◆ What is required ◆
Counting the line with "A/C Receiver Drier-Drier" as the last one, copy out the lines of the data exactly from the first onward.

◆ Brief descriptive captions ◆
/---

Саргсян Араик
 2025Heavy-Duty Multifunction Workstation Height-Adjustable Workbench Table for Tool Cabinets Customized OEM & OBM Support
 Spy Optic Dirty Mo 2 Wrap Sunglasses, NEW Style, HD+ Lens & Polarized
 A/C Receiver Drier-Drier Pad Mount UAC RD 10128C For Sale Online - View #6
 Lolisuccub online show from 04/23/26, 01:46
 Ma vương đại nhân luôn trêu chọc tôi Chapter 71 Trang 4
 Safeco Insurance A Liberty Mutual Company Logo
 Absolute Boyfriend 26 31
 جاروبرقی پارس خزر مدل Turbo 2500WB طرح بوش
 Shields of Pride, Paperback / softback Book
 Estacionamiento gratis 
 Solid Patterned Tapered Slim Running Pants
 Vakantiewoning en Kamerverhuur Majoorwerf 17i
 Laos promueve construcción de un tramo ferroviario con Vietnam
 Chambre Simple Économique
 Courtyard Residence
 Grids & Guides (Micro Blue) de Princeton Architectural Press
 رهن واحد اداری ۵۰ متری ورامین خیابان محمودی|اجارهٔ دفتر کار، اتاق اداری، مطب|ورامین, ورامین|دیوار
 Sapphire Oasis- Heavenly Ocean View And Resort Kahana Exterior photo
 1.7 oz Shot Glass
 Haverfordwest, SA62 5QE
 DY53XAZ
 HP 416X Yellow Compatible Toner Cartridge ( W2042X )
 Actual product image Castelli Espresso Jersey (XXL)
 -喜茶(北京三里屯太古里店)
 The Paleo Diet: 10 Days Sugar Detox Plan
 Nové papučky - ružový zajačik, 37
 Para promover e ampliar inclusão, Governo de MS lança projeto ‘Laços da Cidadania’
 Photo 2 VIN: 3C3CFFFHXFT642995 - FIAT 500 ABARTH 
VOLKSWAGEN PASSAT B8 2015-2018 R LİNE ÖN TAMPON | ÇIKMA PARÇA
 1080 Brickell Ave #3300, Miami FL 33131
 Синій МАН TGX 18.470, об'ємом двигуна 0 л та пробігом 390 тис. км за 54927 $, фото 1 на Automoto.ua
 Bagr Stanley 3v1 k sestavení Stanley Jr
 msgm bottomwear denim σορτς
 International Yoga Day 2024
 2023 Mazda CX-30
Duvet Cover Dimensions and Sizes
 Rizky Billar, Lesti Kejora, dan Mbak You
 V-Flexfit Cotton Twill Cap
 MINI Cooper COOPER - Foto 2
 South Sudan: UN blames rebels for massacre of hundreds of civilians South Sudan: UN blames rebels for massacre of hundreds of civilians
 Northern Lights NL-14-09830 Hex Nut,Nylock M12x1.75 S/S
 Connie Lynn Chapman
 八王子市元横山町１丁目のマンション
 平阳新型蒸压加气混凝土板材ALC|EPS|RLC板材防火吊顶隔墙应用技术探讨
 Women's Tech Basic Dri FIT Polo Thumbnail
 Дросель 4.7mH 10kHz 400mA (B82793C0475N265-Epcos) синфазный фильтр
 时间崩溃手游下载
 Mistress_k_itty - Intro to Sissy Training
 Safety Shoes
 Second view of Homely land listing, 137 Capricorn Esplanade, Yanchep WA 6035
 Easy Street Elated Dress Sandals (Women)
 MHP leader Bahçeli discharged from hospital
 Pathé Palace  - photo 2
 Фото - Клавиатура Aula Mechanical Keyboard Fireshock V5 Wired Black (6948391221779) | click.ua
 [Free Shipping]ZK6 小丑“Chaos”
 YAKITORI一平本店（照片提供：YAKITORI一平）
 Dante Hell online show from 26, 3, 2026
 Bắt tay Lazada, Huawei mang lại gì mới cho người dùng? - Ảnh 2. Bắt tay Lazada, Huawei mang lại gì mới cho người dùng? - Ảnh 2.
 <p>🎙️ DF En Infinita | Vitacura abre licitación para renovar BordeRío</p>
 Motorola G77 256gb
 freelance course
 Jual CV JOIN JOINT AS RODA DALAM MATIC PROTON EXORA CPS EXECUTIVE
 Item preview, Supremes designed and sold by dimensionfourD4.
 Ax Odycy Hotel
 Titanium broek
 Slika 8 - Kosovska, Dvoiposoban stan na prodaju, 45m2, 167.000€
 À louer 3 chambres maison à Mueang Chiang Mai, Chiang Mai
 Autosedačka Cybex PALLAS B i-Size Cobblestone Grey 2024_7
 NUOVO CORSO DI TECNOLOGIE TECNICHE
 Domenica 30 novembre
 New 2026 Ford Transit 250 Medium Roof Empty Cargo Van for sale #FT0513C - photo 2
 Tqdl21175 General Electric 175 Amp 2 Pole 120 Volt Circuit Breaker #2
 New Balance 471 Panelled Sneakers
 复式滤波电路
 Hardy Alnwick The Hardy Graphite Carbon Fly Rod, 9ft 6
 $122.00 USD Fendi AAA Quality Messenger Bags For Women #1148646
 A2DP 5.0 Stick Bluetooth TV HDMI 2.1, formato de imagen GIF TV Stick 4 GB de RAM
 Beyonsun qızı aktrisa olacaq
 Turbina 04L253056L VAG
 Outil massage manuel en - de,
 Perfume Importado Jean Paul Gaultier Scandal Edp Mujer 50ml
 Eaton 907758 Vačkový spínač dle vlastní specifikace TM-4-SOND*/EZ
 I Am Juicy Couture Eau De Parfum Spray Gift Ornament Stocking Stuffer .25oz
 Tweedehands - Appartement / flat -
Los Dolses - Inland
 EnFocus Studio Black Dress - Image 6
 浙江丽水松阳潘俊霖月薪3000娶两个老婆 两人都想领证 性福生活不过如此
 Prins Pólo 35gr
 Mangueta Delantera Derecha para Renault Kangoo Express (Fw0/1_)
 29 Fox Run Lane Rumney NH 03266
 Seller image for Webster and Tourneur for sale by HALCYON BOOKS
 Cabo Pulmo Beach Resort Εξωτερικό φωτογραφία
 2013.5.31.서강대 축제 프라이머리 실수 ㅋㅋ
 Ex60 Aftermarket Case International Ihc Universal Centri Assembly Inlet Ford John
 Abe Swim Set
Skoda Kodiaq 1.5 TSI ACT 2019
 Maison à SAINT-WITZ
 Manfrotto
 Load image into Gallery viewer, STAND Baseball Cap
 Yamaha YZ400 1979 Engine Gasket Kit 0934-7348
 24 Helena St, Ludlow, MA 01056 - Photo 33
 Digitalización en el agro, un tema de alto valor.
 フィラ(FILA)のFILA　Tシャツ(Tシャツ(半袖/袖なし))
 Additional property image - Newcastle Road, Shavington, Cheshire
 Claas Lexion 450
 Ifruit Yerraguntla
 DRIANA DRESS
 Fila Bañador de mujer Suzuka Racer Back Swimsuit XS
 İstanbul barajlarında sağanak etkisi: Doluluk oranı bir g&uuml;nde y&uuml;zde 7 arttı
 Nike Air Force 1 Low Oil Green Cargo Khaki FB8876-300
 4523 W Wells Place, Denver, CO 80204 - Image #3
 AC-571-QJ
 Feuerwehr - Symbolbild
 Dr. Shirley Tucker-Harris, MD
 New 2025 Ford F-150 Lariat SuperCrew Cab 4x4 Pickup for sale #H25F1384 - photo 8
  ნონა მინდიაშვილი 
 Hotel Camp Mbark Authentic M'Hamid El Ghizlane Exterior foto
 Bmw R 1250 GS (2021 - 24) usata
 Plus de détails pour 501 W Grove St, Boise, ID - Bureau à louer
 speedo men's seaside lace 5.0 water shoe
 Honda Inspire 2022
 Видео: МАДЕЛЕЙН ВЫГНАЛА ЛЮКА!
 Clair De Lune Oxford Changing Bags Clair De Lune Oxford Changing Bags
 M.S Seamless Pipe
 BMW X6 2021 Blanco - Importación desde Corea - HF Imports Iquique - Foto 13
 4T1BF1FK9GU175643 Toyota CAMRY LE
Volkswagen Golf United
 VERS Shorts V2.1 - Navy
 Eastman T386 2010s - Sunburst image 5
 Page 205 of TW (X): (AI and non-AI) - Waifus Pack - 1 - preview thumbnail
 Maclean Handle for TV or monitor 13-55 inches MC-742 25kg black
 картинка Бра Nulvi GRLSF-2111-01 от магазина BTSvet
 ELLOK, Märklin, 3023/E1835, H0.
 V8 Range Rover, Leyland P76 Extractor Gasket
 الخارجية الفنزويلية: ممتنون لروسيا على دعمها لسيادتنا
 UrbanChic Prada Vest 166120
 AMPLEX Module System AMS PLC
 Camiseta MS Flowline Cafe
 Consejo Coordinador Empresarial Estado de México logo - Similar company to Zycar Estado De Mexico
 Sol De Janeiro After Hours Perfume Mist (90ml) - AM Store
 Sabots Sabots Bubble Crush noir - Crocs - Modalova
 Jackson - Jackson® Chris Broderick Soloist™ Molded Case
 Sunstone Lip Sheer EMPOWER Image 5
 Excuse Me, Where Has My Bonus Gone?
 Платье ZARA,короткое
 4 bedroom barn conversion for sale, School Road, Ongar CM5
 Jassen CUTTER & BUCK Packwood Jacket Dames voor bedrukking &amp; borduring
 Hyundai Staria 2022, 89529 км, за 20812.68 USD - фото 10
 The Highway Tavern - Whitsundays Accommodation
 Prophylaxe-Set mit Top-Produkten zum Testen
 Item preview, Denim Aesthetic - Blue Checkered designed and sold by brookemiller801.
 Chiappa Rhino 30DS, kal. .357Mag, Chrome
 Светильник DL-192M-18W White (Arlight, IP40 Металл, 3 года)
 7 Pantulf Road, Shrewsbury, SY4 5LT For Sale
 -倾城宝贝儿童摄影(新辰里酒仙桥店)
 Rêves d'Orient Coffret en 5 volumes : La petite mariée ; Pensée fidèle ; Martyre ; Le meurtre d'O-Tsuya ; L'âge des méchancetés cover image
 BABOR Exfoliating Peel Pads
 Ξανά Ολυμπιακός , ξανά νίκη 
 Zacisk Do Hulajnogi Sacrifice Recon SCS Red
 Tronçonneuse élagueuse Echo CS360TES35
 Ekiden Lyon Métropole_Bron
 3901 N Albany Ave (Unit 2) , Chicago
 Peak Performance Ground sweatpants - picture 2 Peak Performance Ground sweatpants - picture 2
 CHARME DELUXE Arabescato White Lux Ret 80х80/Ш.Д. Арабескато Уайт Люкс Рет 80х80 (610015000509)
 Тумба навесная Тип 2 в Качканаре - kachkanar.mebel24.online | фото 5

\---

◆ Answer to this task ◆
Саргсян Араик
 2025Heavy-Duty Multifunction Workstation Height-Adjustable Workbench Table for Tool Cabinets Customized OEM & OBM Support
 Spy Optic Dirty Mo 2 Wrap Sunglasses, NEW Style, HD+ Lens & Polarized
 A/C Receiver Drier-Drier Pad Mount UAC RD 10128C For Sale Online - View #6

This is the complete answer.